Ironically, German blood played a part in their eclipse by Britain, for Bechstolsheimer and Eilberg are both daughters of German expatriates, Wilfried Bechtolsheimer and popular trainer Ferdi Eilberg, who themselves rode on British championship teams.
There were, of course, many other gifted horses, and 18 scored more than 70 percent in the Grand Prix. Austria’s Victoria Max-Theurer was shocked to finish fifth in all three tests on Augustin OLD, who is 9 and also far from his potential best.
“Reaching the kur finals exceeded my wildest dreams,” she said. “I thank everyone who believed in us and helped me accomplish this.”
The judges seemed least able to agree about Germany’s Susanne Lebek (Potomac), Patrick Kittel (Scandic) of fourth-placed Sweden, and Schellekens-Bartels, with Eric Lette (sitting at C in the Grand Prix) often assessing them 10 or more placings distant from his colleagues, unusual amongst the leading batch.
As expected, the freestyle was a spectator sell-out on the Saturday night, though spectators attending a freestyle for the first time in several years remarked how the genre had altered.
Musical choices now fall into two disparate categories. There are those in which a freestyle is created around a medley of recognized pieces and those expensively composed to accompany a pre-determined routine, even if it means an ear-jarring change of key or tempo every eight bars.
Bechtolsheimer and Kyra Kyrklund (Max, 76.45%) observed the former, using melodies by The Shadows (in particular their iconic 1960s guitar solo, “Apache”) and “Cabaret,” respectively.
Cornelissen and Gal fell into the latter category. Thematic references to Wagner’s opera “Parzival” were a clever choice for the silver medalist; Gal uses an abstract arrangement of “Oxygene 13,” “Equinox 4,” “Song From A Secret Garden” and Pirates Of The Caribbean, with a huge bell chime at the point of pirouette and a generally huge wash of sound at variance with the horse’s stride tempo, contrary to FEI requirements. You were reminded of ice dancers Torvill and Dean, who controversially broke the rules with their Bolero routine at the Olympics 25 years ago. And look what they went on to…
Numerous other combinations achieved personal bests during the week. Clarke said: “Believe it or not, we don’t like to give low marks and only do it when we have to. When it’s appropriate we love to give high marks. That’s the excitement of the sport.”
So, did the mesmerizing Totilas sweep up everyone else in the slipstream and over-excite the judges?
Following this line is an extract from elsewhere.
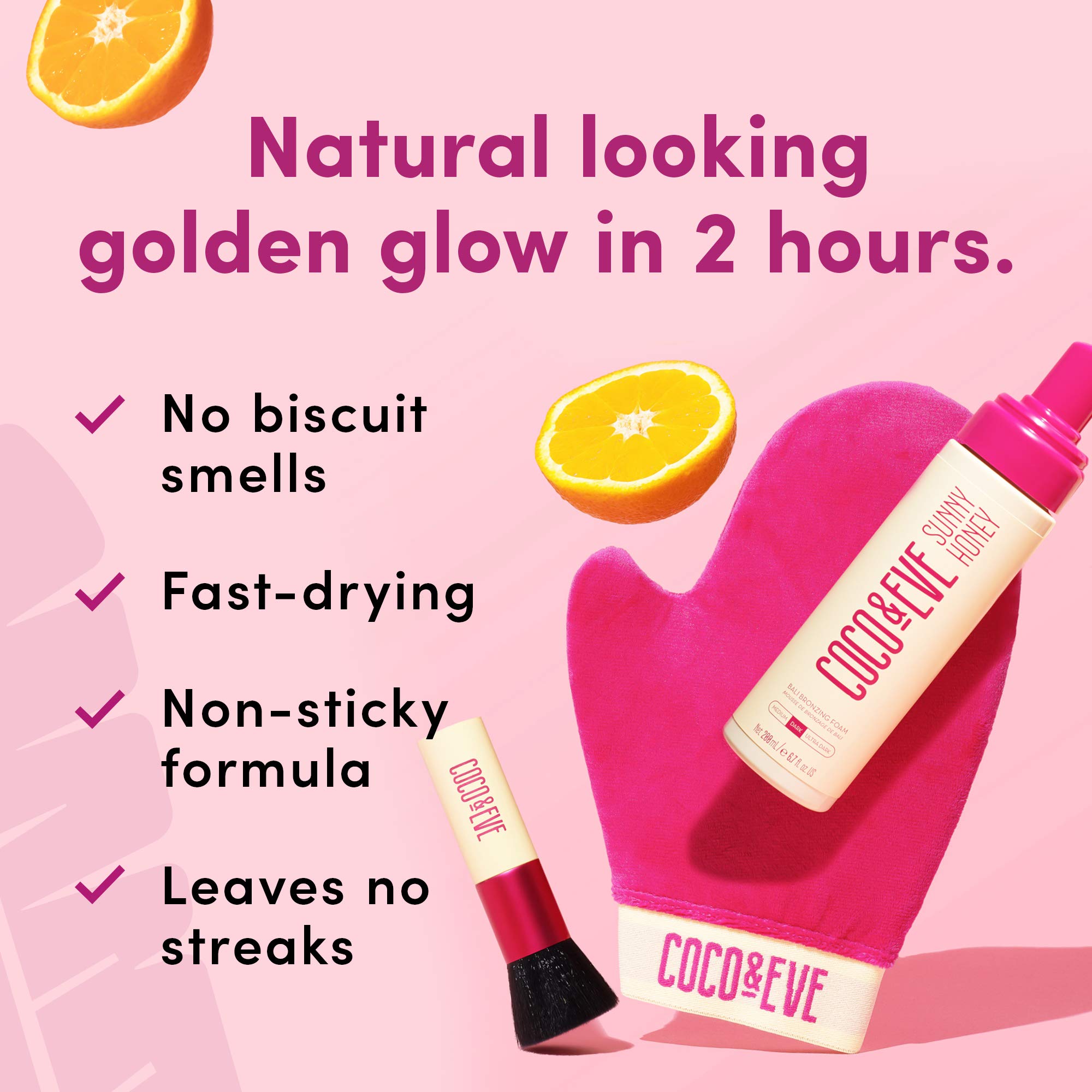Coco & Eve Self Tanner Mousse Kit - Natural Sunless Tanning Lotion with Bronzer Mitt (Dark) | Instant Glow for Face & Body | Perfect for Vacations, Weddings & Everyday Radiance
Ideal facilities may also have helped to produce the high scores.
Schellekens-Bartels said: “The warm-up arenas are perfect, and the main arena is good. My horse felt happy in the warm-up, which gives you a secure feeling. I felt good because she felt good!”
Comedy moment of the week was the riders’ on-foot lap of honor after the team test. Riding boots are certainly not de-signed for jogging! At previous championships, the Dutch have been unhappy about parading, but this time Bechtol-sheimer had concerns. It was announced that the podium ceremony would proceed without horses for “welfare reasons.”
For subsequent ceremonies, an equine victory lap in walk was the compromise. The sight of van Grunsven and Salinero being led by their groom was an odd advertisement for dressage as the epitome of obedience, though after a week of such glorious entertainment no one would begrudge any rider such a small indulgence.